Still in the process of being shaped and defined by artists, post-internet art is a movement referring to the way society interacts with the widespread use of the Internet and how this affects society and culture. A successor to internet art, post-internet refers to state of mind rather than the explicit use of the internet itself. We discuss artists working now who approach this issue by their own means.
Eno Henze explores the relationship between humans and machines, between organic and synthetic and the complexities of organic creativity. His work frequently uses machines to interpret human activity such as drawing or producing an original ‘good’ piece of art. In this respect it is difficult to assign authorship or originality to the work, made by a machine programmed by a human. The machine is capable of making a ‘perfect’ image but cannot make a judgment call on ‘good’ or ‘bad’ art. In a world where images are more available for editing and appropriating than before, this brings us back the ever debated question What is called Art and does not qualify?

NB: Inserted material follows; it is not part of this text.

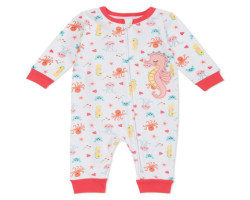 Koala Baby Interlock pour Dormir et Jouer  couleur Rose Corail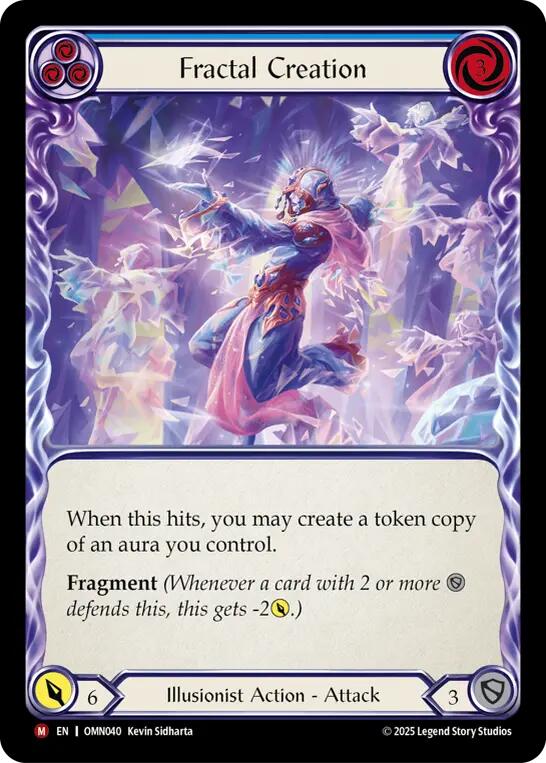 Fractal Creation [OMN040] (Omens of the Third Age)  Cold Foil | Gamers Paradise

Henze’s work asks what the rapid evolution of technology means for human creativity leading us to question what will become obsolete in the future as technological advances are made. Will human creativity become to digital drawing as analogue photography has become to digital?
Amy Brener creates sculptures using plastic and remnants of technology to create light sensitive sculptures reminiscent of natural geological rock and crystal formations. Laptops, phones and computers, the tools we use to access the internet, are quickly made obsolete with rapid advances in hardware and buyer preferences in our current consumer culture, going quickly from the most connected and important object in one’s life to a antiquated piece of plastic and metal.

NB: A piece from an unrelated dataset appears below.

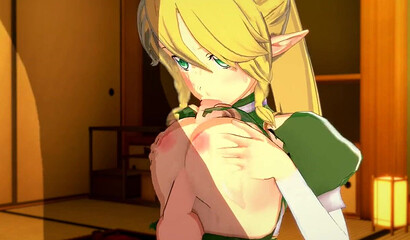Sword Art Online - Leafa 3D Hentai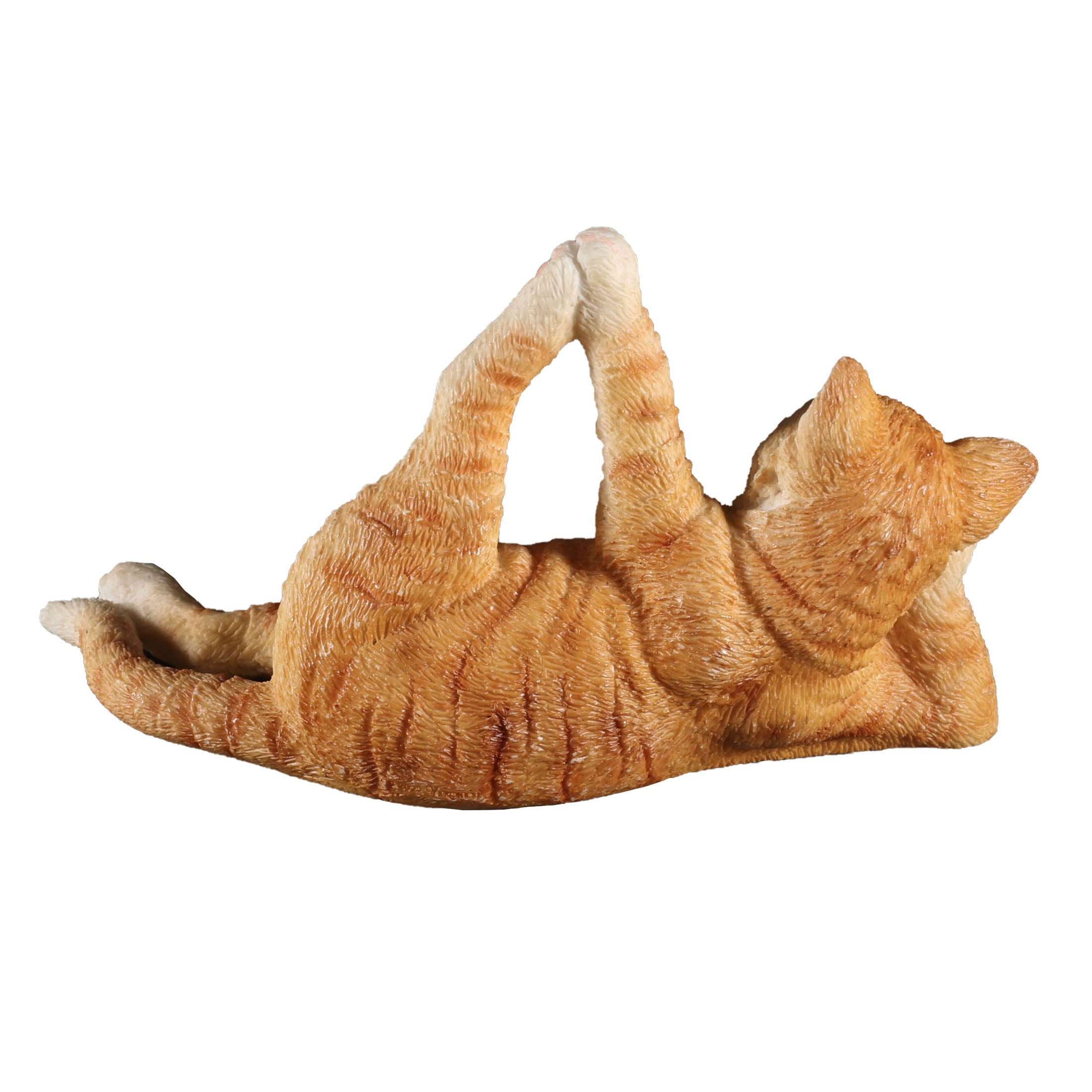 Orange Tabby Yoga Cat Sleeping Vishnu Pose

The materials used in Brener’s work subtly combine many components of these machines into human height crystals, which suggest an imagined future and allude to the merging of nature, humans and technology. Perhaps this realizes a now, eerily more precise vision of prophetic 20th century science fiction films.
However, though many artists are making work about the ongoing and always changing overlap of human and machine, Flavie Audi’s work completely moves away from the cyber connection and comes back to direct connections with objects. Audi uses glass and light in her work to create experiences in which humans can form a relationship with materials. Her art is about making a space for this to happen because, in a world of industrial production and virtual realities, she believes that humans have a desire to return to materiality.
If this is the case, it would appear that we have made a journey full circle. In the early boom of consumer capitalism the more objects one owned the higher status they had in society. More recently there is an attempt to escape this consumer culture; the word materialistic has become negative. It is therefore, somewhat alien to hear Audi talk about humans desire to return to materiality, due to the evolution of the word. Though, the use of this word does not imply that humans’ deepest desire is to own the latest sound system but that they wish to have a physical connection with an object in a space away from digital tools, and this is what her work aims to do. It is about creating social emancipation from technology.
Post-internet art has a self awareness of the networks it exists within, including influences of imagery that is for profit, advertising and merchandising, because of this aspects of design will continue to cross over into art that concerns itself with the virtual. The term post-internet is still developing but these artists approach the themes it encompasses in ways that independently question where the progression of technology will lead us, whether we should be allowing it, resisting it or if we have no choice at all. Whatever we should be doing, humanity is so entrenched in the virtual world, it seems certain that there is a long way to go before the Internet and it’s accompanying state of mind could ever become history.